Dynamical response of a system of passive or active swimmers to time-periodic forcing
Michael Wang, Alexander Y. Grosberg

TL;DR
This paper investigates how passive and active swimmer suspensions respond to time-periodic boundary forcing, revealing different behaviors depending on the driving speed and activity level, with implications for energy storage and dissipation.
Contribution
It introduces a minimal model analyzing the linear response of active and passive suspensions to time-dependent boundary forcing, highlighting novel behaviors in rapidly driven active systems.
Findings
Active systems respond similarly to passive ones under slow driving.
Rapid driving alters the motoring activity of active particles.
Response functions relate to energy storage and dissipation.
Abstract
The presence of active forces in various biological and artificial systems may change how those systems behaves under forcing.

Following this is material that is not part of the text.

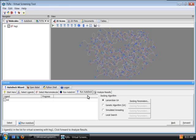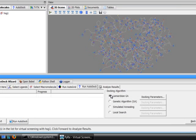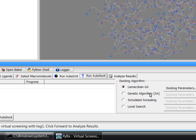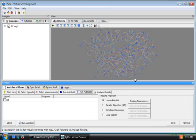This is Run AutoDock page and here we can choose among four different docking algorithms. We can also modify docking parameters but for this tutorial I'll leave everything to default and go to the next page.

We present a minimal model of a suspension of passive or active swimmers driven on the boundaries by time-dependent forcing. In particular, we consider a time-periodic drive from which we determine the linear response functions of the suspension. The meaning of these response functions are interpreted in terms of the storage and dissipation of energy through the particles within the system. We find that while a slowly driven active system responds in a way similar to a passive system with a re-defined diffusion constant, a rapidly driven active system exhibits a novel behavior related to a change in the motoring activity of the particles due to the external drive.